● What the task requires:
The records below need to be repeated exactly, though not their pictures.

● Recorded data:
Segment Open

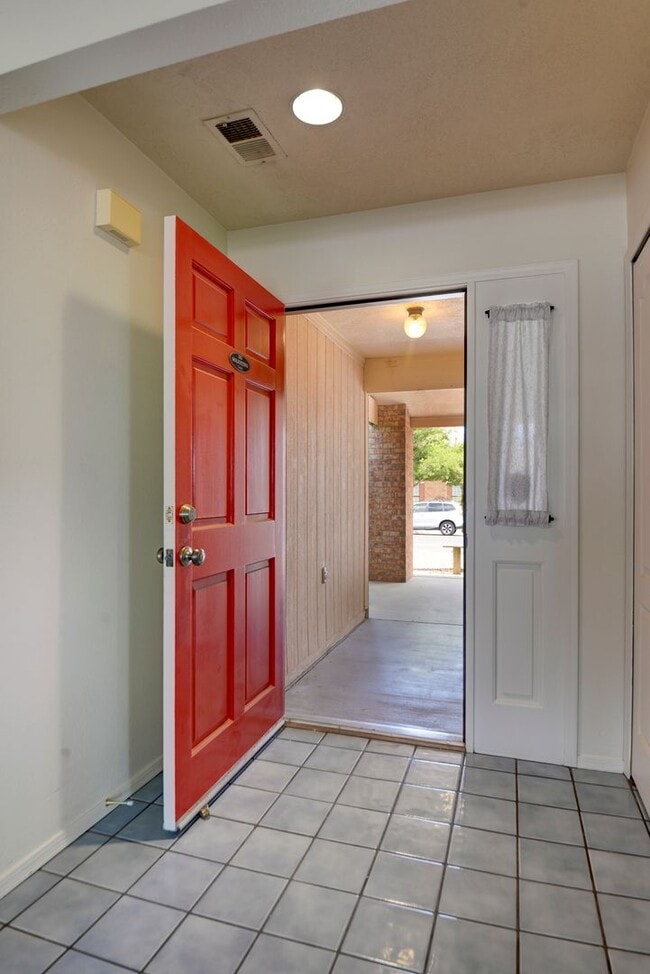 Building Photo - Amazing Three Bedroom in Heart of Rio Rancho!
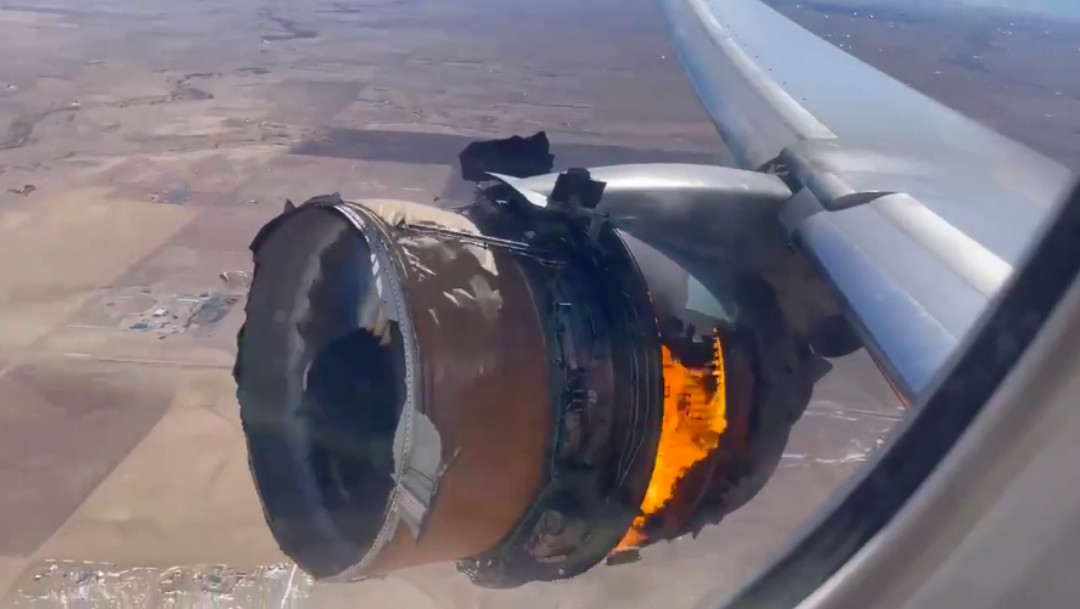 VIDEO: Avión de United Airlines sufre desperfecto durante vuelo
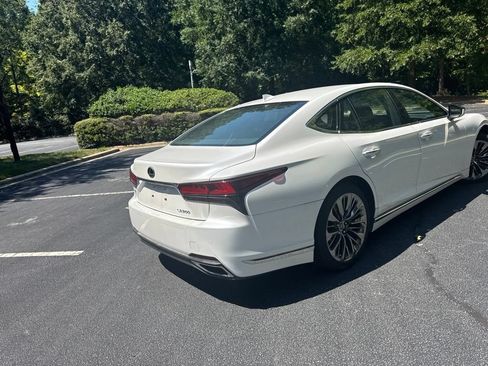 Used 2021 Lexus LS 500 w/ Interior Upgrade Package RWD image 4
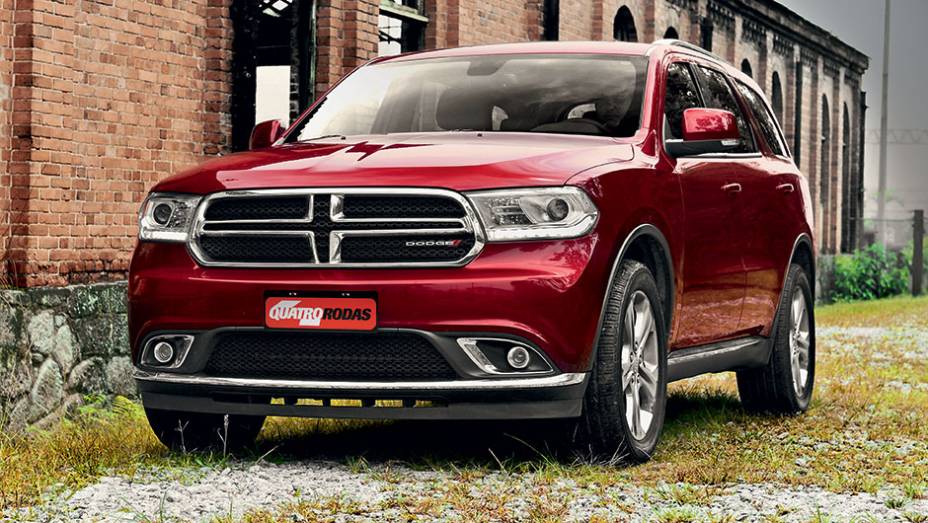 Leds nos far&oacute;is e para-choque redesenhado s&atilde;o as novidades da frente | <a href="https://beta-develop.quatrorodas.abril.com.br/carros/testes/dodge-durango-limited-857100.shtml" target="_blank" rel="migration">Leia mais</a>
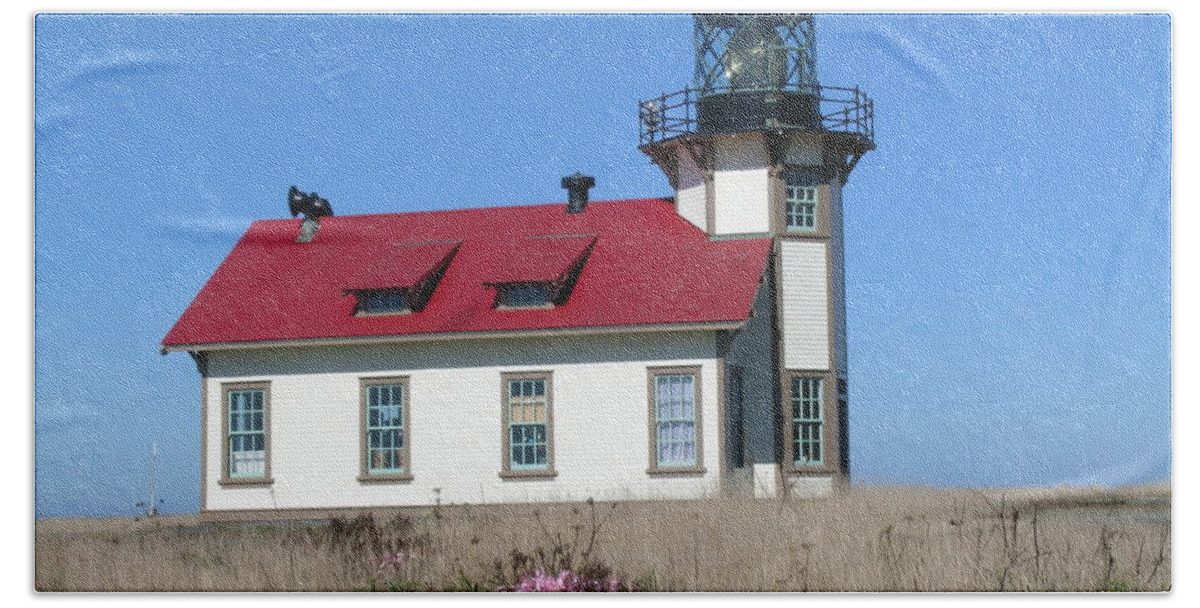Mendocino Lighthouse Beach Sheet featuring the photograph Mendocino Lighthouse by Sandy Taylor
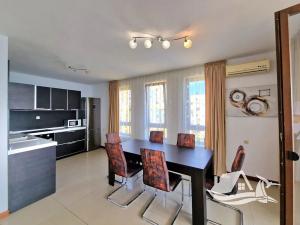 Prodej bytu 4+kk, Nesebar, Bulharsko, 222 m2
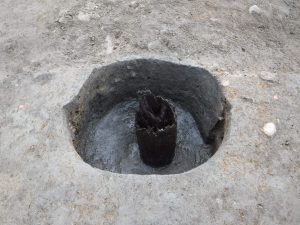 柱の一部が残った穴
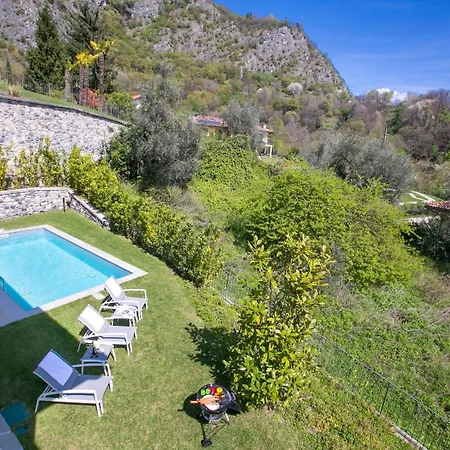 Villa Sleeps 6 Pool Air Con
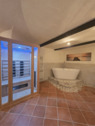Badezimmer mit Sauna - 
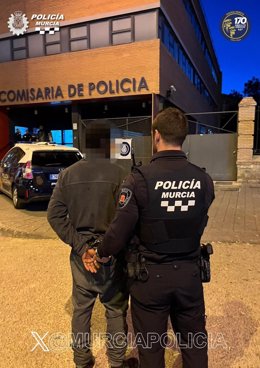 Imagen del detenido, custodiado por la Policía Local de Murcia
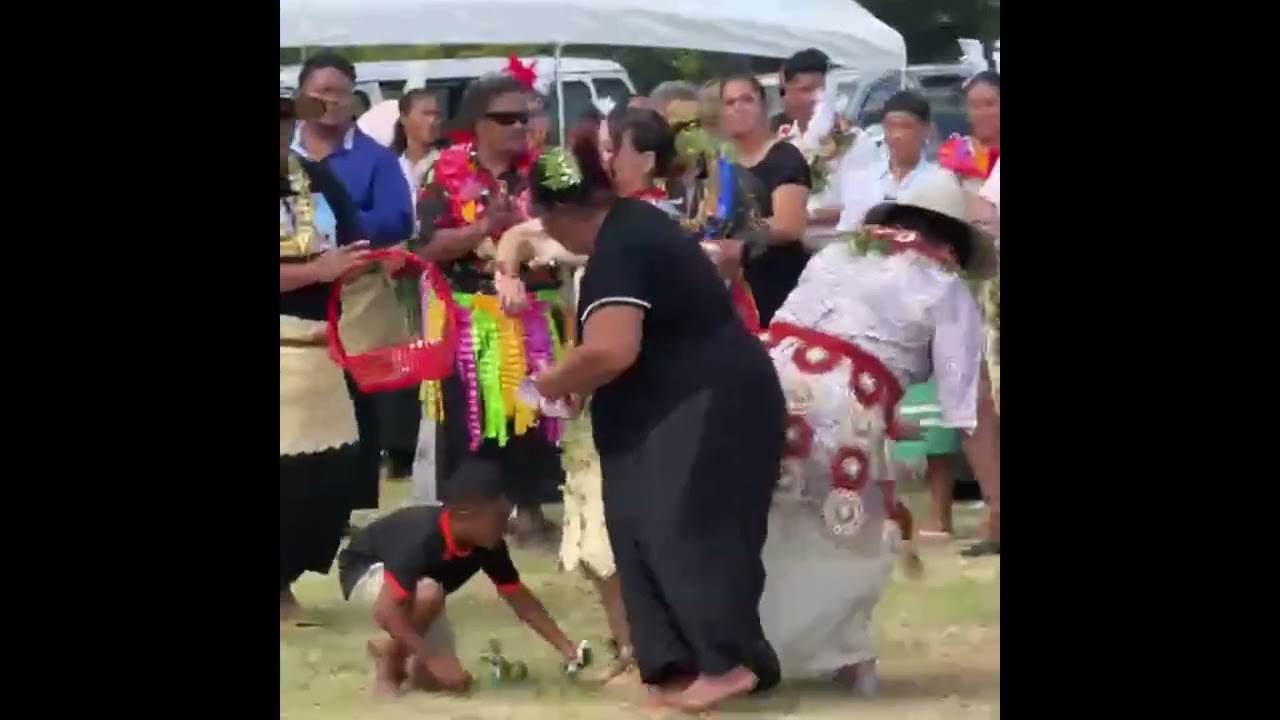 LIUPAU TA'AHINE O LOTO NEIAFU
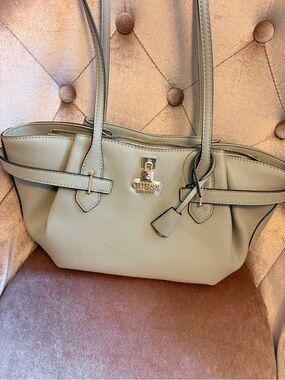 GUESS Yesba Girlfriend Large Shoulder Bag Satchel Handbag Pebble Gray NEW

Segment Closed

● Output of the exercise:
 Building Photo - Amazing Three Bedroom in Heart of Rio Rancho!
 VIDEO: Avión de United Airlines sufre desperfecto durante vuelo
 Used 2021 Lexus LS 500 w/ Interior Upgrade Package RWD image 4
 Leds nos far&oacute;is e para-choque redesenhado s&atilde;o as novidades da frente | <a href="https://beta-develop.quatrorodas.abril.com.br/carros/testes/dodge-durango-limited-857100.shtml" target="_blank" rel="migration">Leia mais</a>
Mendocino Lighthouse Beach Sheet featuring the photograph Mendocino Lighthouse by Sandy Taylor
 Prodej bytu 4+kk, Nesebar, Bulharsko, 222 m2
 柱の一部が残った穴
 Villa Sleeps 6 Pool Air Con
Badezimmer mit Sauna - 
 Imagen del detenido, custodiado por la Policía Local de Murcia
 LIUPAU TA'AHINE O LOTO NEIAFU
 GUESS Yesba Girlfriend Large Shoulder Bag Satchel Handbag Pebble Gray NEW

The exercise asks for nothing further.